Il hocha la tête. « En dernier lieu, et pire que tout, il est des gens pour affirmer que vos enfants n’ont point été engendrés par le roi Robert, qu’ils sont des bâtards nés de l’inceste et de l’adultère.
— Stannis l’affirme, répliqua aussitôt Cersei. Mensonge, mensonge, mensonge criant. Stannis guigne le trône de Fer, mais les enfants de son frère lui font obstacle, aussi lui faut-il prétendre qu’ils ne sont point nés de son frère. Cette lettre immonde… Elle ne contient pas une once de vérité. Je le nie. »
Le Grand Septon plaça ses deux mains à plat sur la table, et poussa pour se lever. « Bien. Lord Stannis s’est détourné de la vérité des Sept pour adorer un démon rouge, et sa foi impie n’a nulle place en ces Sept Couronnes. »
Voilà qui était presque rassurant. Cersei hocha la tête.

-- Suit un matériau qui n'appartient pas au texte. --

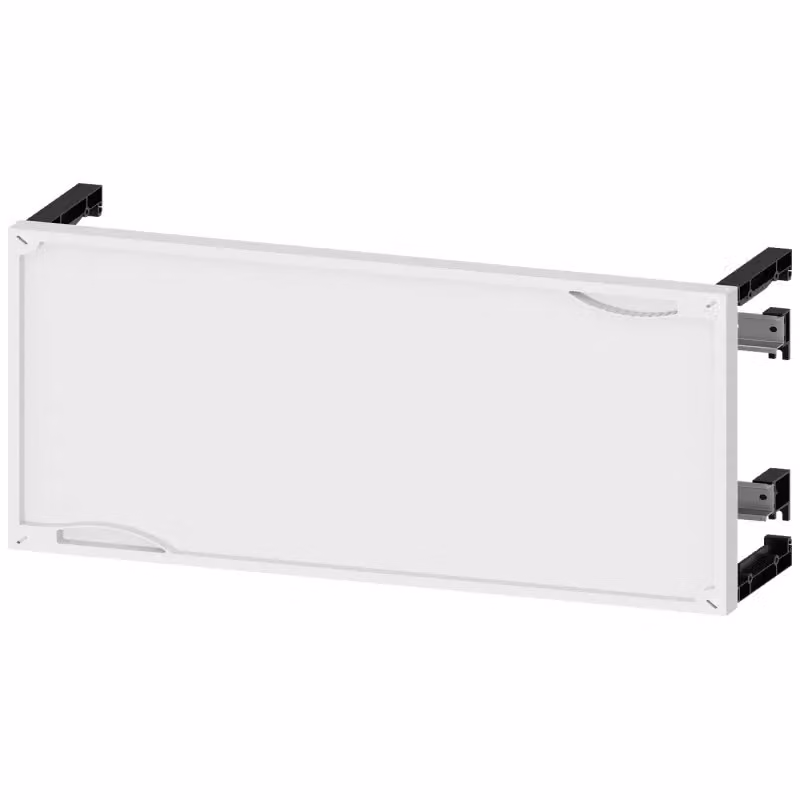 Kit di montaggio per morsetti a fila Siemens Indus.Sector 8GK4401-2KK22 8GK44012KK22
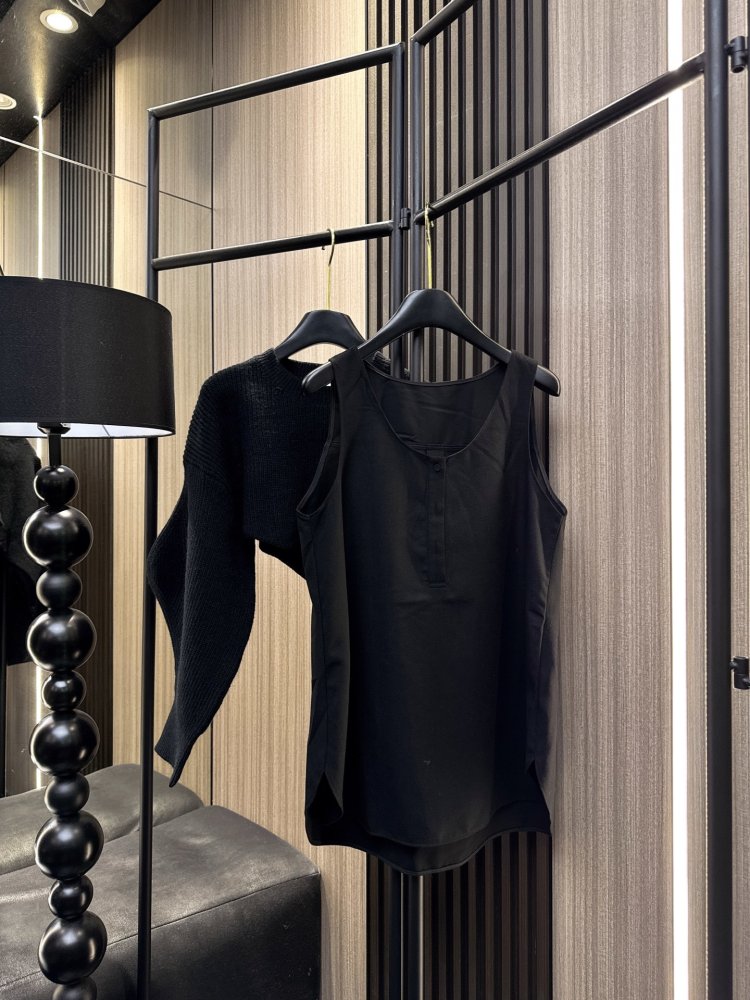 Кофта женская фото 8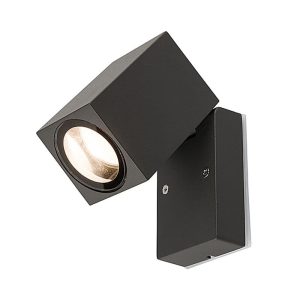 9551 Nowodvorski PRIMM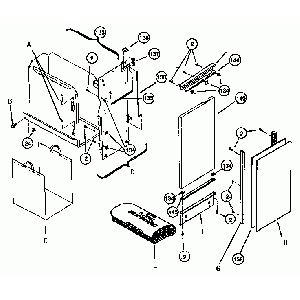 Your part is # 136 in this diagram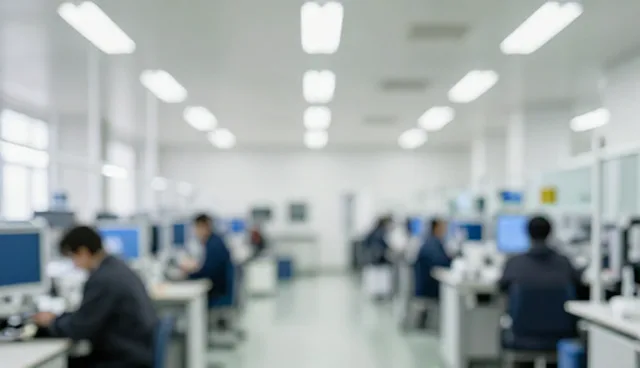 诊疗业务发展趋势中错误解读的适用情况与限制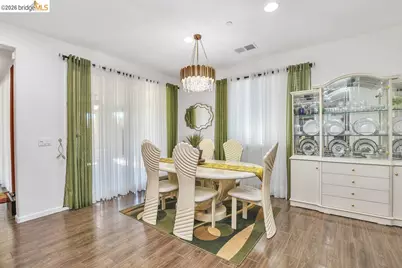 2705 Reddington Way, Brentwood, CA 94513 - Photo 7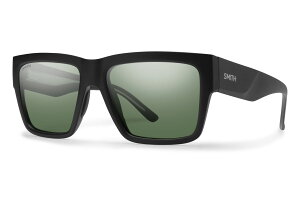 SMITH X~X TOX y Lineup Matte Black z tBbVO AEghA t@bV T[tB Lv ] N}|bv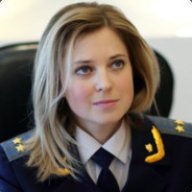 evgeniy006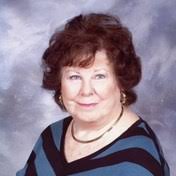 Remembering Mary D. Bradford High School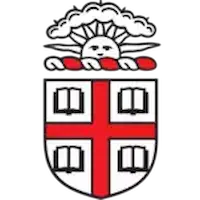 Brown University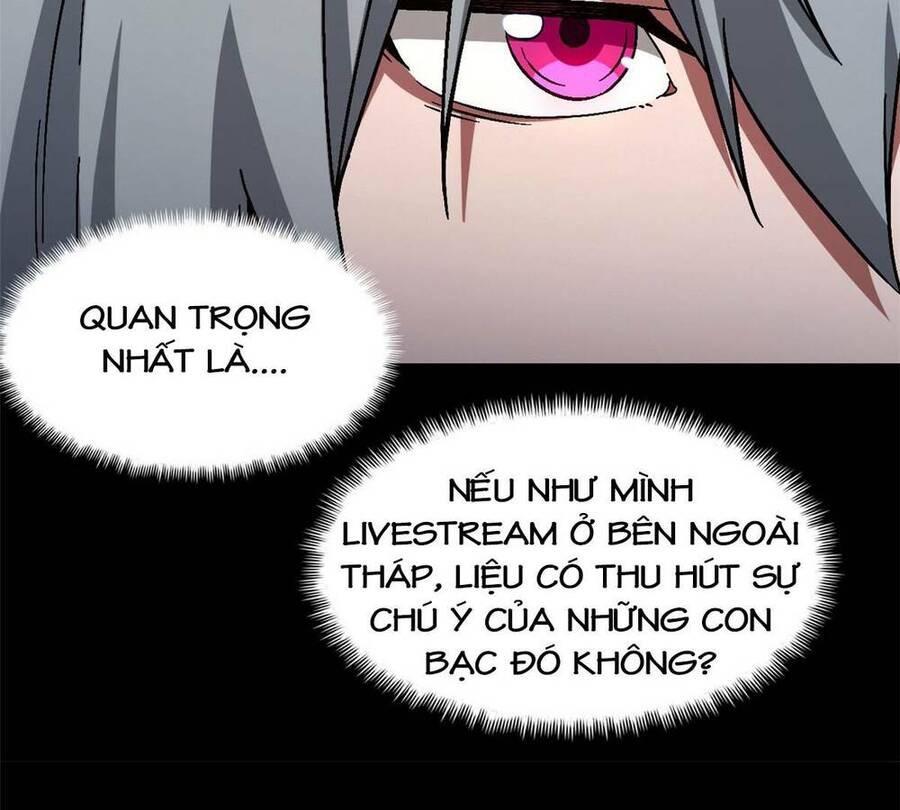 Tận Thế Trò Chơi Ghép Hình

« Quand bien même, poursuivit le Grand Septon, ce sont de terribles accusations, et le royaume doit savoir si elles ont quelque fondement. Si Votre Grâce a dit vrai, nul doute qu’un procès prouvera votre innocence. »
Un procès, malgré tout. « J’ai confessé…
— … certains péchés, certes. Vous en niez d’autres. Votre procès séparera les vérités des mensonges. Je demanderai aux Sept de pardonner les péchés que vous avez confessés et prierai pour qu’on vous juge innocente de ces autres accusations. »

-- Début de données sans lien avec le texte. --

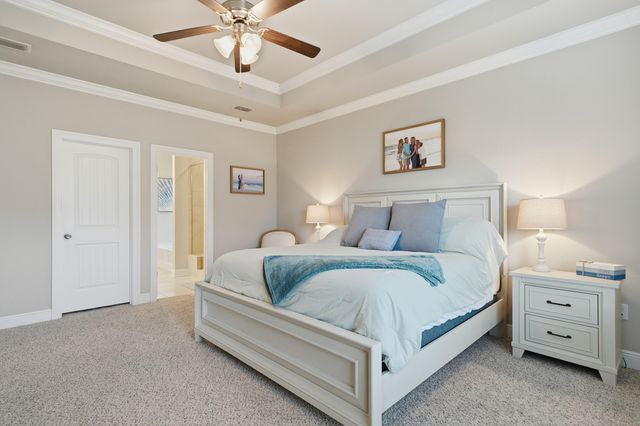 102 Wayne Trail, Santa Rosa Beach, FL 32459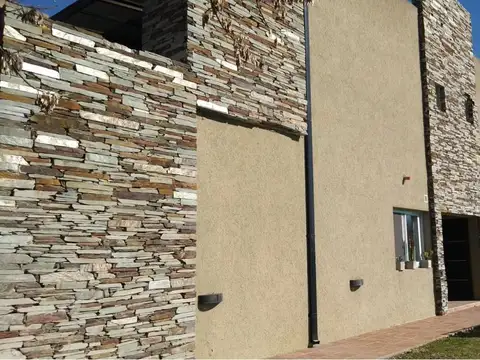 ALQUILER PERMANENTE – TERRAZAS VILLAGE | LOS CARDALES
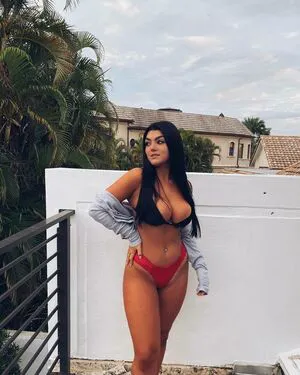 Jayden Seidman OnlyFans Leaked Free Thumbnail Picture - #Nx9rB2RHCf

Cersei se releva lentement de sa position agenouillée. « Je m’incline devant la sagesse de Votre Sainteté Suprême, dit-elle. Mais si je pouvais implorer une seule goutte de la clémence de la Mère, je… Voilà bien longtemps que je n’ai vu mon fils, s’il vous plaît… »
Les yeux du vieil homme étaient des éclats de silex. « Il ne serait pas convenable de vous autoriser à voir le roi, tant que vous n’avez pas été purgée de vos perversités. Vous avez accompli le premier pas sur la voie qui vous remettra sur le droit chemin, cependant, et, à la lumière de cela, je vous permets d’autres visiteurs. Un par jour. »
La reine fondit de nouveau en larmes. Cette fois-ci, ses pleurs étaient sincères. « Vous êtes trop bon. Merci.